What you will do – Your response should contain only the lines running from the top of the data below through the line with "Imagem de Taube", both included. Pictures must be omitted.

Excerpts from a dataset

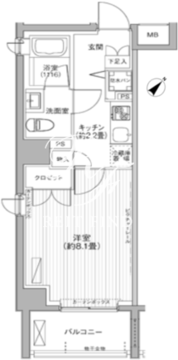 バウヒニア赤坂 201 間取り図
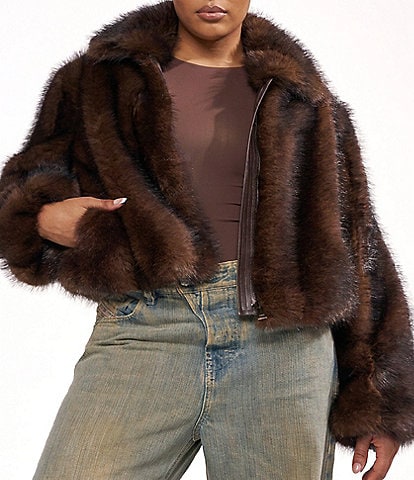 Azalea Wang Plus Size Kessia-Chocolate Faux Fur Collar Neck Oversize Fit Jacket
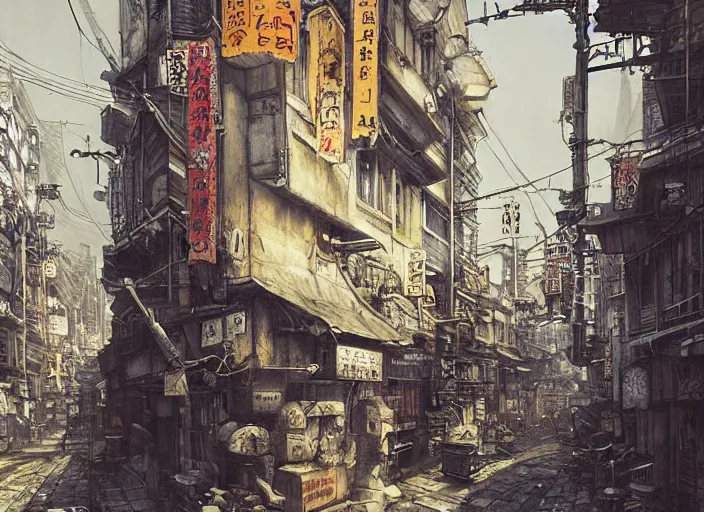 Prompt: street in osaka, jpeg artefacts on canvas, by seb mckinnon and james gurney and greg rutkowski, highly detailed, pov
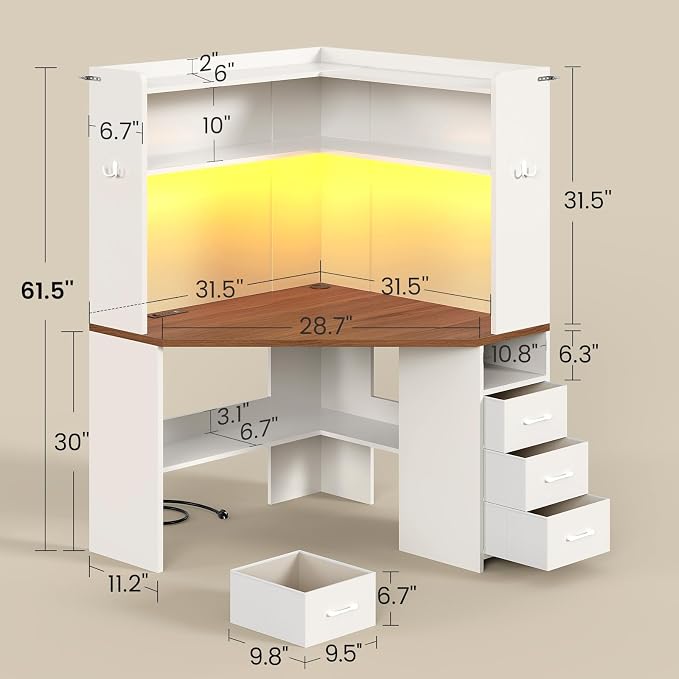 SEDETA 31.5" Corner Desk for Small Space, Farmhouse Small Corner Desk with Hutch & 3 Drawers, Corner Computer Desk with Storage Shelves & LED Lights for Home Office, White + Brown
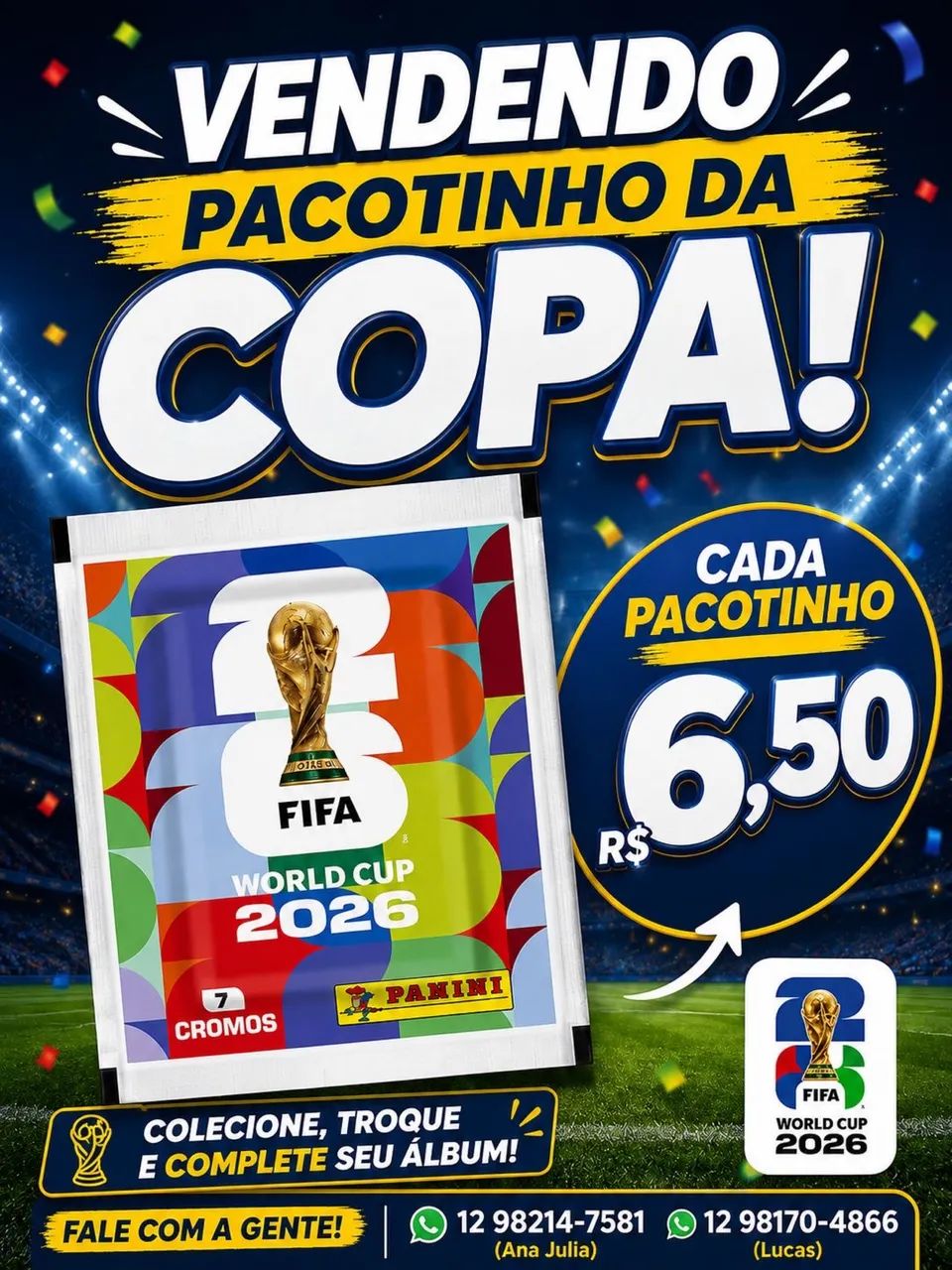 Pacotinho de Figurinha Copa 2026 - Foto 2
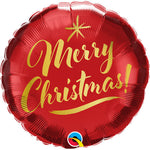 Merry Christmas Red Gold Script 18″ Foil Balloon by Qualatex from Instaballoons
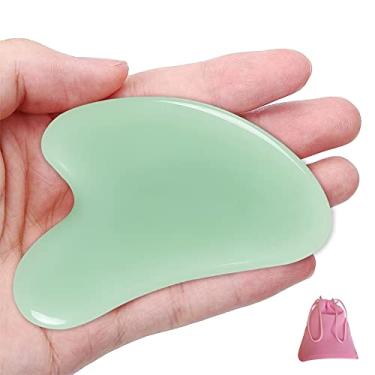Imagem de Taube Gua Sha Facial Tools Natural Premium Pedra de Jade Ferramenta Guasha para Massagem Corporal Rosto Placa de Raspagem Ponto de Gatilho Ferramenta Massageadora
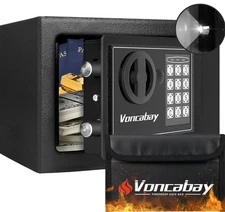 Voncabay Safe Box w/Fireproof Money Bag 0.23 Cu Ft Digital Keypad Lock Black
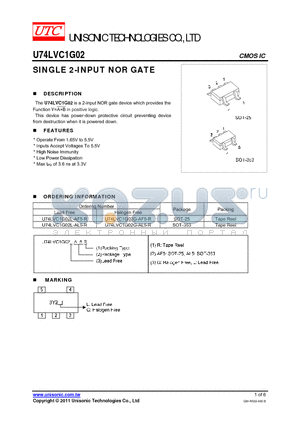 U74LVC1G02L-AL5-R datasheet - SINGLE 2-INPUT NOR GATE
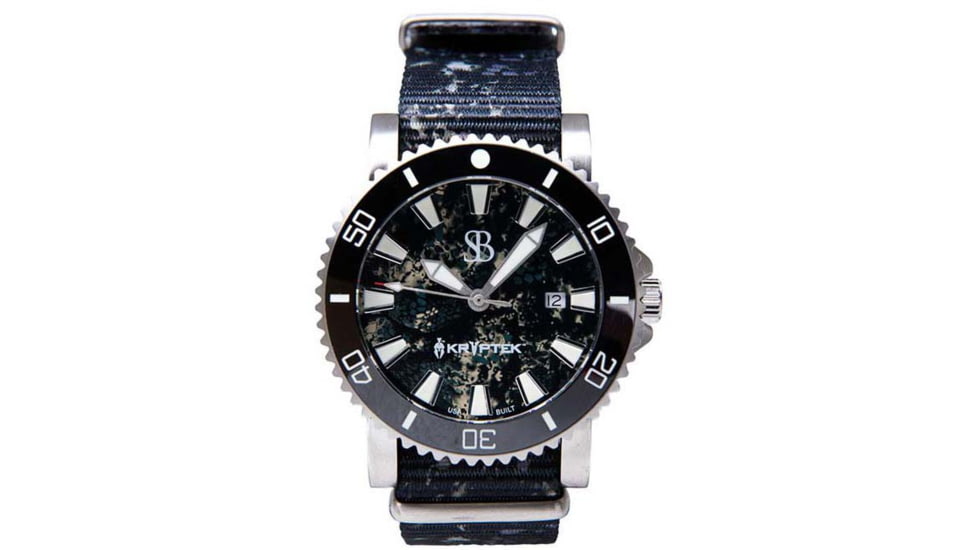 S&amp;B Watches Atlantis A2 KRYPTEK Dive Watch, Silver Case W/ Nox Black Dial, 44mm, ATKR102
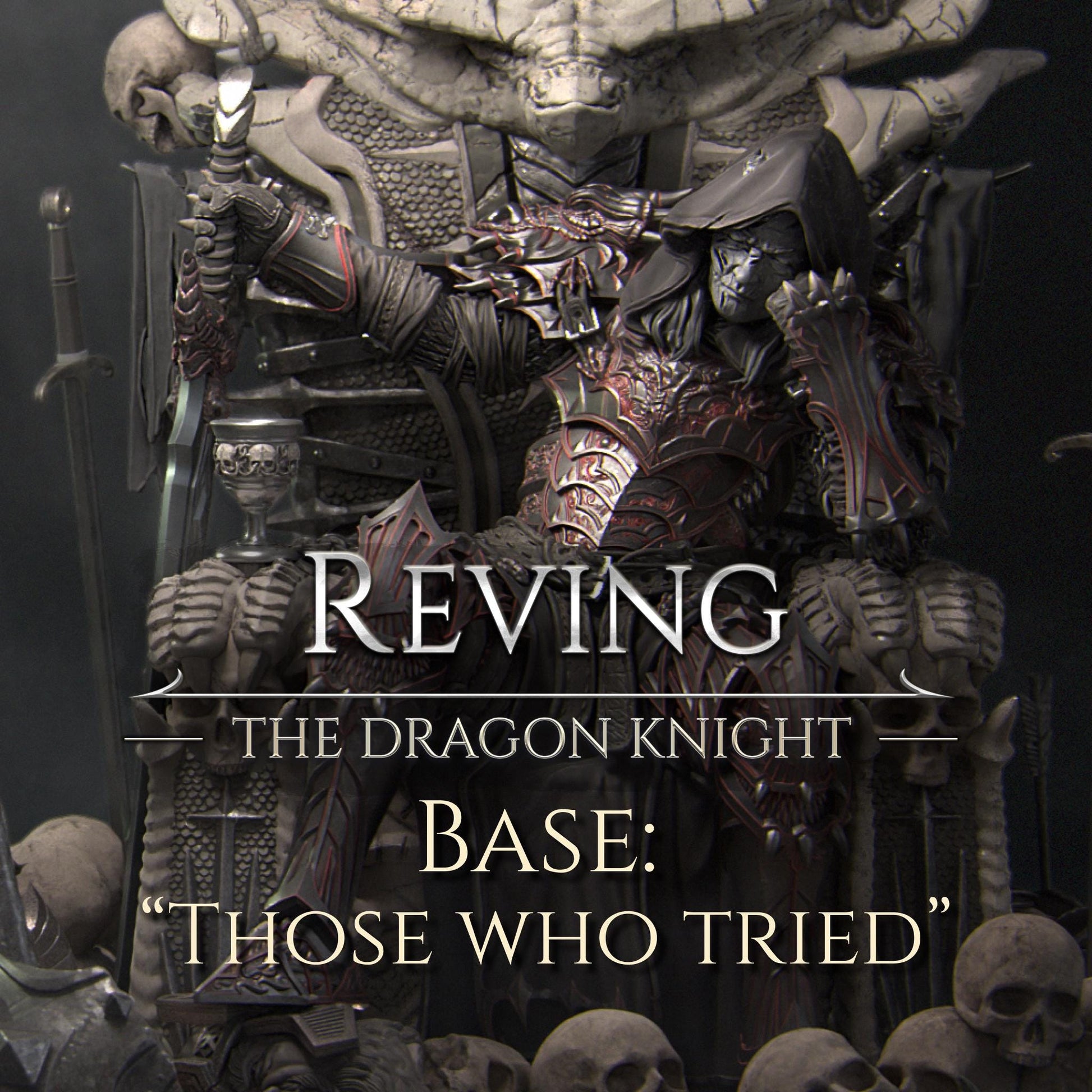 Reving the Dragon Knight Diorama | DnD Undead Knight Collectible Miniature Statue | 75mm / 140mm | by Nerikson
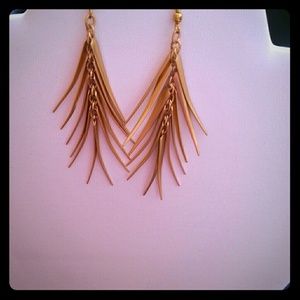 Pretty " Golden Feather" Earrings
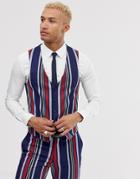 Lockstock Skinny Suit Vest In Bold Stripe - Navy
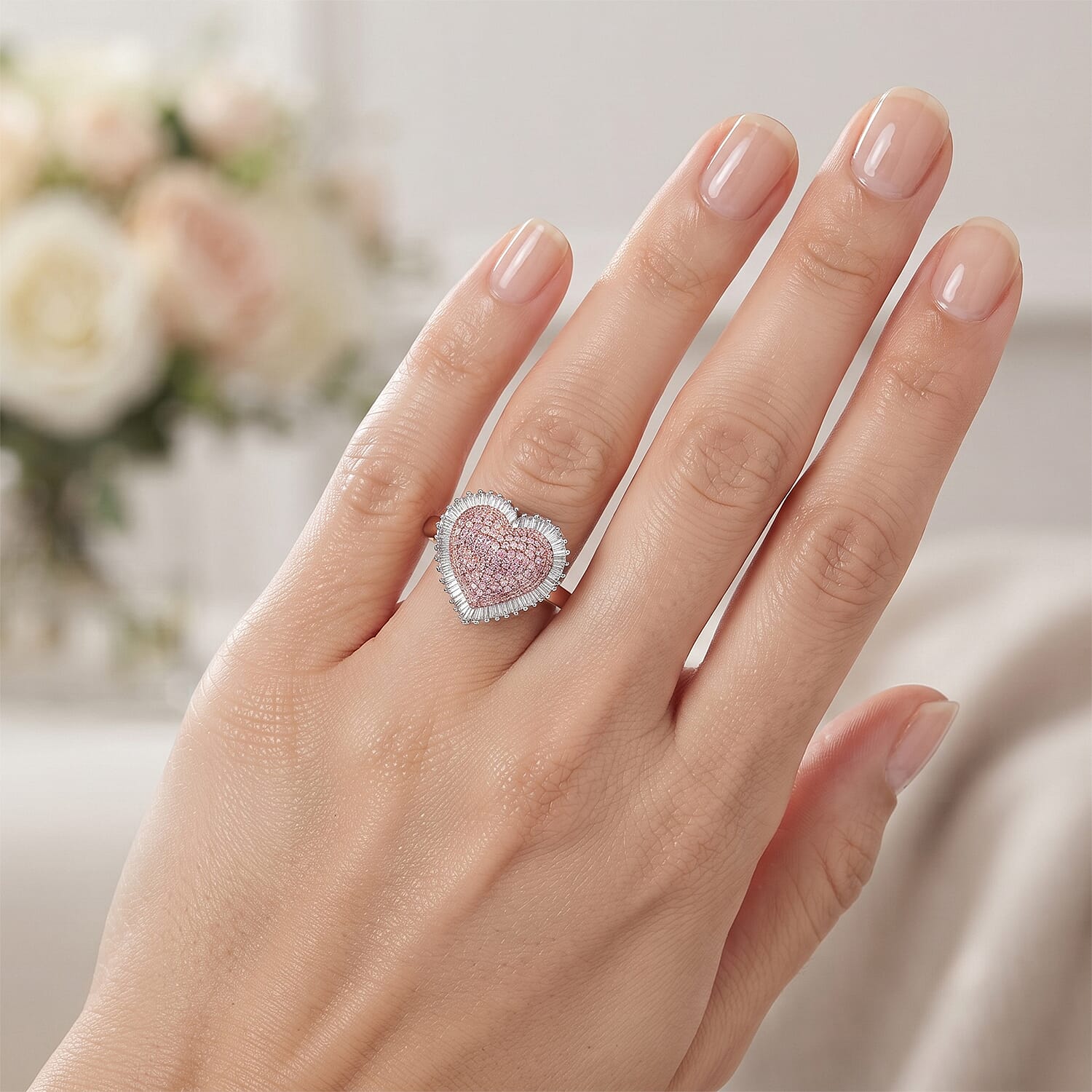 D'Joy Natural Pink and White Diamond I3 1.00 ctw Heart Ring in 18K Vermeil Rose Gold Over Sterling Silver (Size 7.0)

Task output –
 バウヒニア赤坂 201 間取り図
 Azalea Wang Plus Size Kessia-Chocolate Faux Fur Collar Neck Oversize Fit Jacket
 Prompt: street in osaka, jpeg artefacts on canvas, by seb mckinnon and james gurney and greg rutkowski, highly detailed, pov
 SEDETA 31.5" Corner Desk for Small Space, Farmhouse Small Corner Desk with Hutch & 3 Drawers, Corner Computer Desk with Storage Shelves & LED Lights for Home Office, White + Brown
 Pacotinho de Figurinha Copa 2026 - Foto 2
 Merry Christmas Red Gold Script 18″ Foil Balloon by Qualatex from Instaballoons
Imagem de Taube Gua Sha Facial Tools Natural Premium Pedra de Jade Ferramenta Guasha para Massagem Corporal Rosto Placa de Raspagem Ponto de Gatilho Ferramenta Massageadora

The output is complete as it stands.